Why should that be?
McCain would move us away from such a system. He would count at least some of a worker’s employer‐paid insurance as taxable income. At the same time, he would provide all Americans with a $2,500 refundable tax credit for individuals and a $5,000 credit for families, regardless of how people obtain their insurance. McCain’s proposal exposes him to criticism that he would put people with pre‐existing conditions at a disadvantage, because they have a hard time finding affordable individual coverage. But his campaign says he is considering risk‐rating the tax credit he would offer, providing more money to those who need it most. And McCain would use federal funds to subsidize state high‐risk pools already covering those who have trouble buying insurance in the open market.
In addition, McCain’s campaign maintains that his proposal would make insurance more affordable for everyone, including those with pre‐existing conditions. In particular, by making insurance more affordable to the young and healthy, McCain’s plan will attract them into the market before they develop pre‐existing conditions. And McCain rightly claims that deregulation will lead to the creation of new and innovative insurance products that can help solve these problems.
Most notably, McCain would allow people to purchase health insurance across state lines, a practice now prohibited. Health insurance is largely regulated at the state level, and the different regulations and mandates in each mean prices vary widely from state to state. For example, New Jersey imposes more than 40 mandated benefits, including in‐vitro fertilization, contraceptives, chiropodists, coverage of children until they reach age 25, and other regulations. As a result, according to the Commonwealth Fund, the cost of a standard health insurance policy for a healthy 25‐year old man in New Jersey comes to $5,580.
However, a similar policy in Kentucky, which has far fewer mandates, would cost him only $960 per year. Unfortunately, it is illegal for that hypothetical New Jersey resident to buy the cheaper Kentucky plan. McCain would change that.
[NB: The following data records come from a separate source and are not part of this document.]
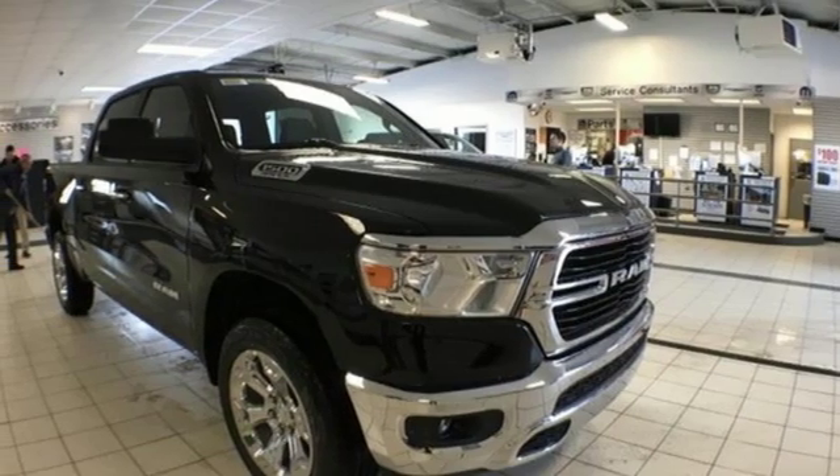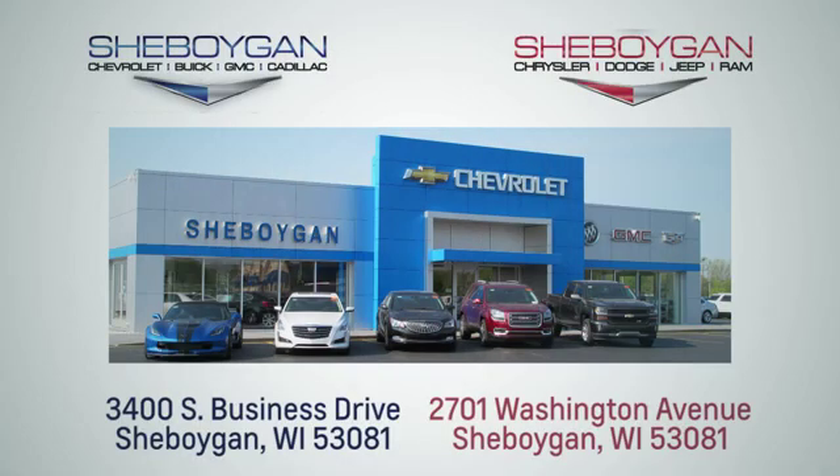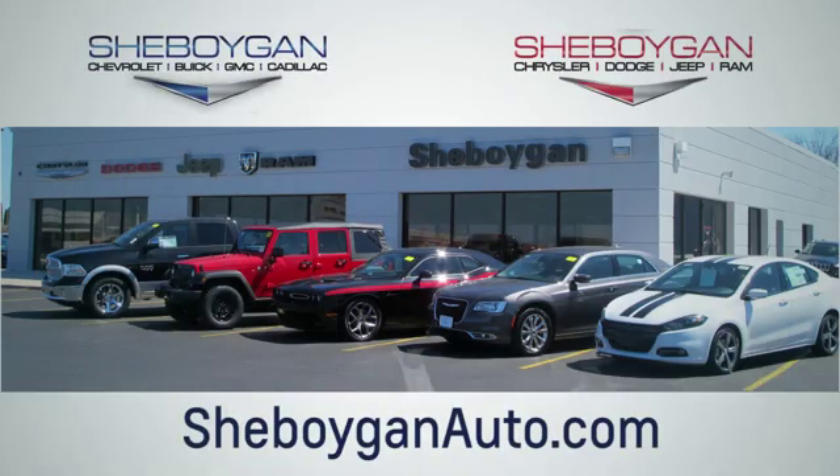You need to drive it to believe it. See it for yourself today. Choose Sheboygan Auto. We're conveniently located at 3400 South Business Drive or at 2701 Washington Avenue in Sheboygan, Wisconsin. Sheboyganautos.com.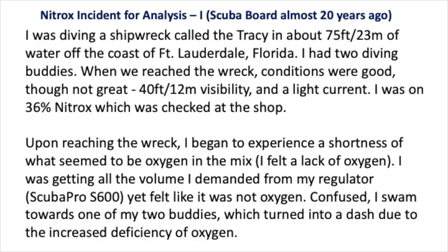I was diving a shipwreck called the Tracy in about 75 feet or 23 meters of water off the coast of Fort Lauderdale, Florida. I had two diving buddies. When we reached the wreck, conditions were good, though not great — 40 feet or 12 meters of visibility and a light current.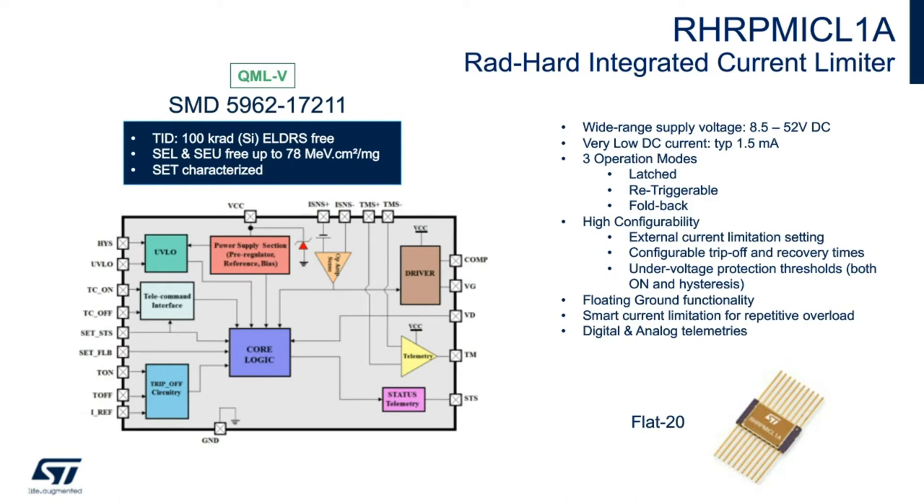In foldback mode, if the output voltage decreases during the event, the current limit value is decreased accordingly to ensure the current remains at a safe value even in short-circuit conditions. The device is highly configurable with external current limitation setting, configurable trip-off and recovery times, under-voltage protection threshold with on and hysteresis, floating ground functionality, and smart current limitation for repetitive overload. There is also digital and analog telemetry. As for radiation characteristics, TID is 100k rad, SEL and SEU-free up to 75 MeV·cm²/mg, and SET has been characterized.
McCain would also allow people to purchase insurance through non‐traditional groups. Today, three types of organizations can offer group insurance: employers, unions and trade associations. McCain would open this to other groups, notably churches and professional organizations.
Finally, McCain wants to change not only who pays for health care, but how they pay for it. McCain challenges the concept of traditional “fee for service” medicine.
“We should pay a single bill for high‐quality health care,” he says, “not an endless series of bills for pre‐surgical tests and visits, hospitalization and surgery, and follow‐up tests, drugs and office visits.”
McCain also rightly calls for greater transparency for health care costs and prices.
“Families, insurance companies, the government — whoever is paying the bill — must understand exactly what their care costs are and the outcome they received.”
Steve Parente, professor of finance at the University of Minnesota, estimates that the McCain plan would cut the number of uninsured Americans by roughly half. But equally important, McCain’s proposal would drive down the cost of health care for everyone.
As Democrats often claim, the status quo isn’t working, and that’s because so many people are stuck without any good options. McCain’s proposal would give people back the choices they need to get better care. And he would do it without having the government take over the health system.
That’s a radical change, and the right idea.